**Action item:** Output, exactly as written, the lines below starting at the line containing "Woman feeding food to the stray dogs" and ending at the line containing "Bluegrass Animal Care Center-Radcliff ico". Drop the pictures and keep both end lines.

**Data extract:**
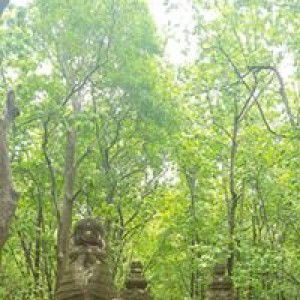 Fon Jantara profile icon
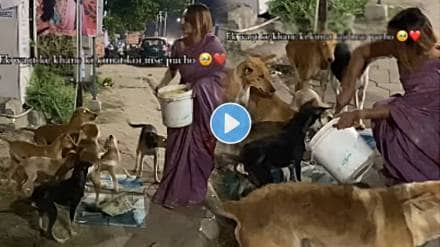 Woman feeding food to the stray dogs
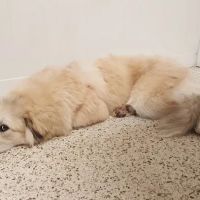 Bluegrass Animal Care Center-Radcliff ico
* * *
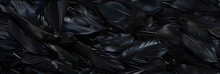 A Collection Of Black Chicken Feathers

**Exercise output:**
 Woman feeding food to the stray dogs
 Bluegrass Animal Care Center-Radcliff ico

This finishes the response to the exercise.